I’m often brought into conversations with organizations about concerns of sensitive data being leaked. Lately, those conversations involved AI such as AI taking notes within meetings, AI used for eDiscovery, or the general organization using AI with sensitive data. It’s a real concern as AI violations of copyright data continue to be discovered both from how AI is trained to how people are using it. One example of this is this article about Meta firing employees for leaking sensitive data found HERE.
My high-level recommendation is developing proper lifecycle management practices regardless of the technical focus. This means both maturing access control to data as well as data classification and protection. For example, if your concern is AI in meetings, you need to consider both controlling access to AI within meetings as well as if AI or other transcribing is used, treat such data like any sensitive data meaning applying data lifecycle management principals. Security sensitive data is not a new topic, but what is creating and accessing data is continuously changing.
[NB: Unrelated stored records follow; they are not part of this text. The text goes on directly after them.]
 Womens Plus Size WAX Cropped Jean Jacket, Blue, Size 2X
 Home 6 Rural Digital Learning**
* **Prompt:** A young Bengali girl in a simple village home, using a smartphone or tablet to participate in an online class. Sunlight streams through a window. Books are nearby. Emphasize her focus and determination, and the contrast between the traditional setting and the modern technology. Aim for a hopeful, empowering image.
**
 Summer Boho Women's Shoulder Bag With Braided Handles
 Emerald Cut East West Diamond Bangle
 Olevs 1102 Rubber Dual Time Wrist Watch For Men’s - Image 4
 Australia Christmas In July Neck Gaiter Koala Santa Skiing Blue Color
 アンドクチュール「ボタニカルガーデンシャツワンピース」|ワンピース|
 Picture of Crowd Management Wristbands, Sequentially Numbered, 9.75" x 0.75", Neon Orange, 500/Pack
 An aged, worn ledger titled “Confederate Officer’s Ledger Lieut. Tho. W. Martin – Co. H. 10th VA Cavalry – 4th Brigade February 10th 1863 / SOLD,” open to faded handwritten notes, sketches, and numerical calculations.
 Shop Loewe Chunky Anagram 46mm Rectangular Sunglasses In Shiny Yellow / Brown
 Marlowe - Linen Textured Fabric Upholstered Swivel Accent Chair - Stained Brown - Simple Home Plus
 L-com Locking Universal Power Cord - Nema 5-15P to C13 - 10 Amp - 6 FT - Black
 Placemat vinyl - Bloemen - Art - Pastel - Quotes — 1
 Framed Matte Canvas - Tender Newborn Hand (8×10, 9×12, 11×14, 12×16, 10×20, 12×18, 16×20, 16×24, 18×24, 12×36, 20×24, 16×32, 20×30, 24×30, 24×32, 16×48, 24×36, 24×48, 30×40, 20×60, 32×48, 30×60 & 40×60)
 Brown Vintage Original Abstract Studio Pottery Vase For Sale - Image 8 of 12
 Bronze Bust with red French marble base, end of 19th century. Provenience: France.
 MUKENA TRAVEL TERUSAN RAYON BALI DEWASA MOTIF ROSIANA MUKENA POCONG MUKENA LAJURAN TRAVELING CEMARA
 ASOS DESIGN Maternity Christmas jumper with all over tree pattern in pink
Organizations that are failing at keeping up with security data tend to overcomplicate the focus. My advice is leaning on mature security frameworks for controlling access and data security. If adding something like AI breaks your ability to control access, then the focus should be implementing controls to identify any AI use, blocking unapproved AI, and when allowing AI, allow it only using approved methods to access such as corporate login vs personal login. If AI is creating data that is sensitive, treat it like sensitive data and apply classification as well as DLP policies. You may need to look at your existing access control and data security solutions to see what “models” or other features are added to address new data types and access, but most vendors are going to keep up with new risks. If not, maybe it’s time to invest in an enterprise grade technology or seek out an expert consultant to help.